2. Code my_fixed_up_join

Then, code up my_fixed_up_join, which should be a class extending views_join. You can get quite carried away with that if you want, but in the unlikely event that you’re of the mindset that we are simply trying to add an extra condition to a join in an SQL query here, and defining a new class at all in order to achieve this is already a bit much, here’s a quick and dirty version that’s “good enough” if you only have a few views that use it:

class my_fixed_up_join extends views_join
{
  public function build_join($select_query, $table, $view_query) {
    $select_query->addJoin('INNER', $this->table, $table['alias'], "table_alias_a.id = ${table['alias']}.a_id AND table_alias_a.instance = ${table['alias']}.instance");
  }
}

This class needs to live in a file that drupal’s auto-including tendrils have already sucked in; it won’t happen automatically by virtue of any file naming conventions. I suggest sticking it in the same file the related hook_views_data lives in.

You’ll also need to clear drupal’s caches so it reruns your hook_views_data.

Addendum - altering field joins

If your view is of content or other fieldable entities, and you need to tweak a join for one of the fields, this can also be done by writing an extension to the views_join class – you just have to tell Views about it in a different way.

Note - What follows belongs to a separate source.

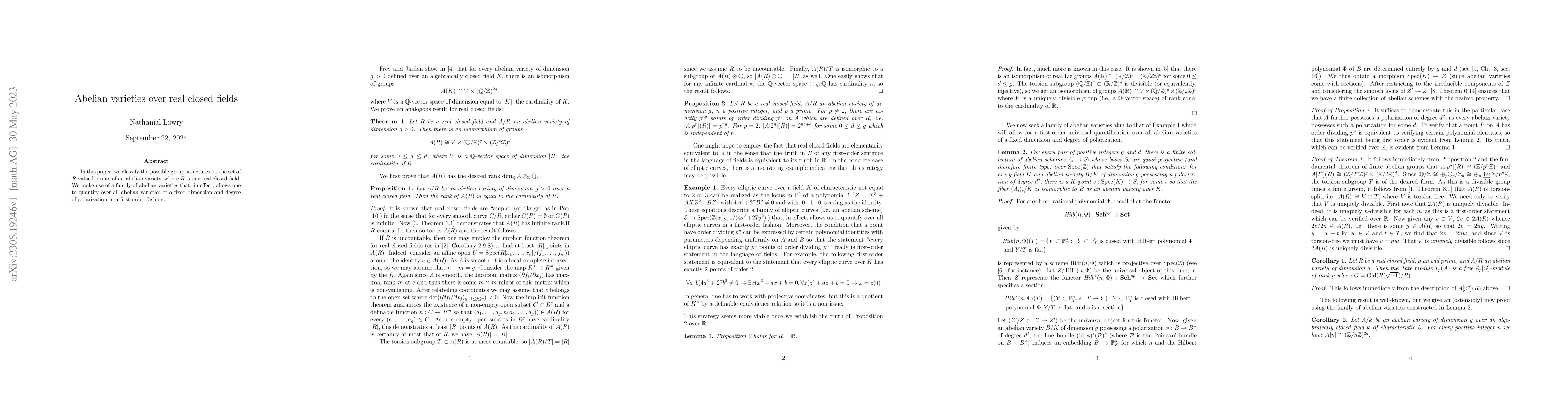 Thumbnail for Abelian Varieties over Real Closed Fields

In hook_views_query_alter:

function MYMODULE_views_query_alter(&$view, &$query) {
  // logic to filter down to just the view we want to be modifying, such as:
  if($view->name == 'whatever-my-view-is') {
    if(!empty($query->table_queue['table_alias_views_assigned_to_the_table_whose_join_needs_altering']['join'])) {
      $query->table_queue['table_alias_views_assigned_to_the_table_whose_join_needs_altering']['join'] = new my_fixed_up_join();
    }
  }
}

In my case, it was sufficient to pass no arguments to the my_fixed_up_join constructor, and have it just kick out a hardcoded string of SQL conditions:

public function build_join($select_query, $table, $view_query) {
    $join_sql = <<<JOINSQL
   (field_collection_item_field_data_field_sessions.item_id = field_collection_item_field_data_field_sessions__field_data_field_event_date.entity_id  AND field_collection_item_field_data_field_sessions__field_data_field_event_date.entity_type = 'field_collection_item')
OR (
    node.nid = field_collection_item_field_data_field_sessions__field_data_field_event_date.entity_id AND field_collection_item_field_data_field_sessions__field_data_field_event_date.entity_type = 'node'
  )
  AND (
    field_collection_item_field_data_field_sessions__field_data_field_event_date.deleted = '0'
  )
JOINSQL;
 
    $select_query->addJoin('LEFT', $table['table'], $table['alias'], $join_sql);
}

Why would you need to do this? In the example above, I was displaying several types of content in the view, and some of them attach the field directly while others are associated to the field through a “relationship” to another entity. The views UI will let you add the field as a member of the content, and will let you add a different field as a member of the related entity, but under the hood it joins to the field data table twice, creates two result columns, and you won’t be able to do things like sort on that field. What you really want is one join to the field data table with an OR condition, so the field comes up as a single column.